◆ **What this task involves**: It would help if you retyped the data exactly, leaving out the pictures.

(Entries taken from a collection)
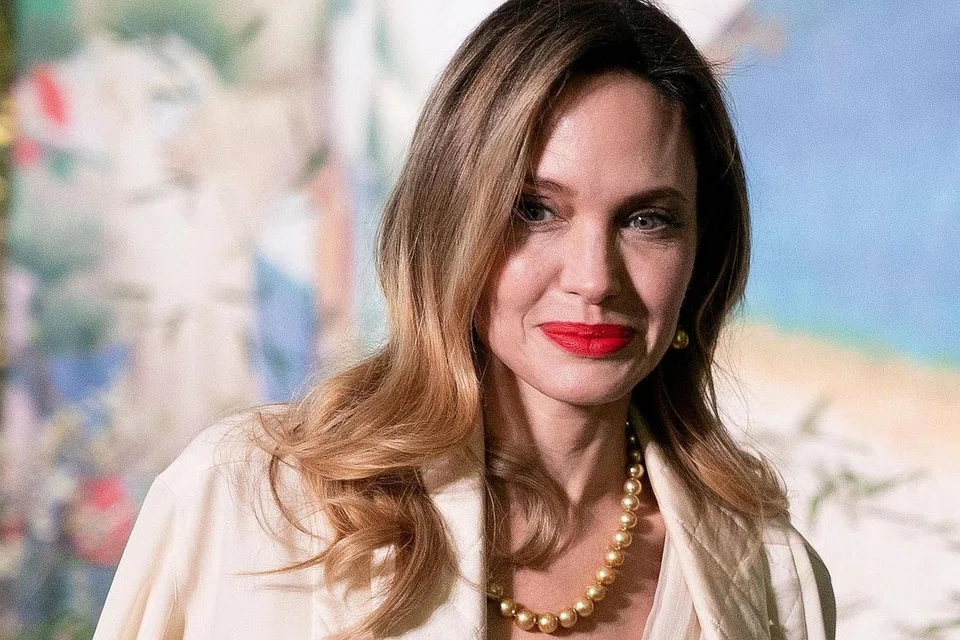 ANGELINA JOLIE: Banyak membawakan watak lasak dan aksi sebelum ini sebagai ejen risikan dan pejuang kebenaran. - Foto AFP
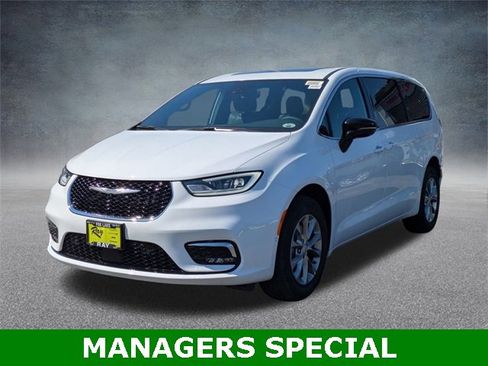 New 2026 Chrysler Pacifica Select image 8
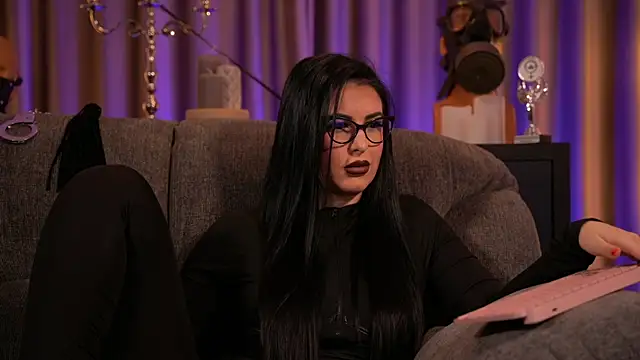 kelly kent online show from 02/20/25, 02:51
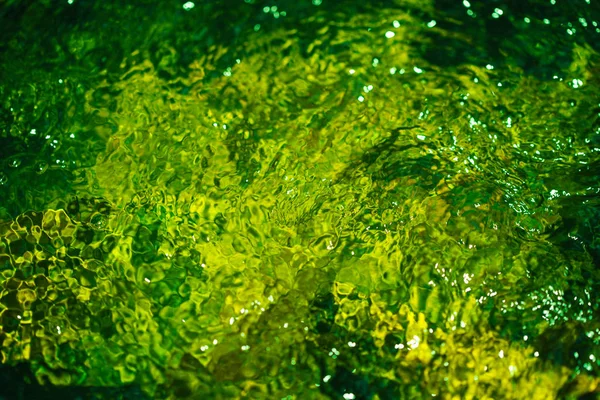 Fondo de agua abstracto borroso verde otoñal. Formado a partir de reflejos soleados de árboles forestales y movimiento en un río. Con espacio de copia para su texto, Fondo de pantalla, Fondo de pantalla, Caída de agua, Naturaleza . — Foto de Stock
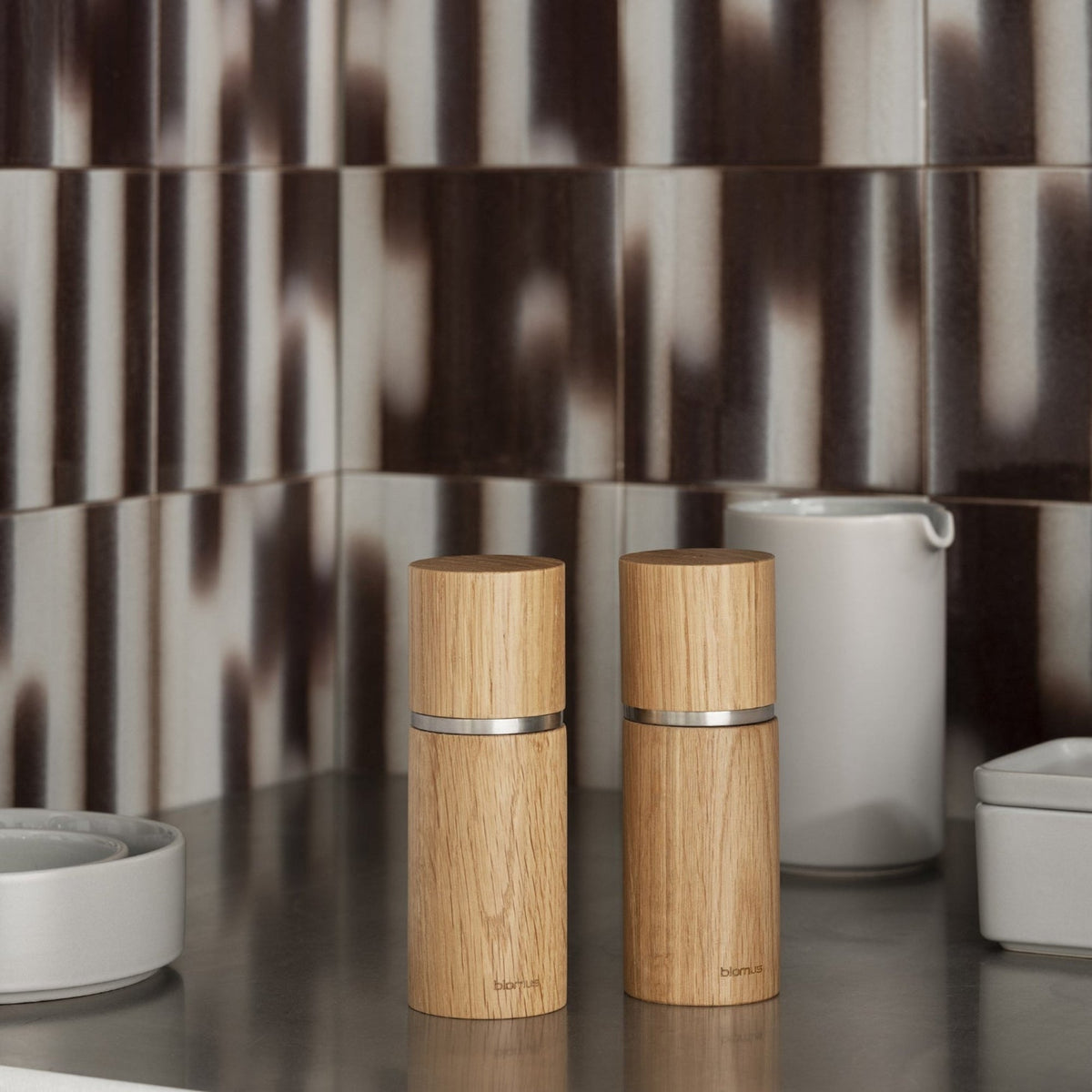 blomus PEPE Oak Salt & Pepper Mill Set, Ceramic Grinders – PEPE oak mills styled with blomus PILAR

◆ **Your solution**:
 ANGELINA JOLIE: Banyak membawakan watak lasak dan aksi sebelum ini sebagai ejen risikan dan pejuang kebenaran. - Foto AFP
 New 2026 Chrysler Pacifica Select image 8
 kelly kent online show from 02/20/25, 02:51
 Fondo de agua abstracto borroso verde otoñal. Formado a partir de reflejos soleados de árboles forestales y movimiento en un río. Con espacio de copia para su texto, Fondo de pantalla, Fondo de pantalla, Caída de agua, Naturaleza . — Foto de Stock
 blomus PEPE Oak Salt & Pepper Mill Set, Ceramic Grinders – PEPE oak mills styled with blomus PILAR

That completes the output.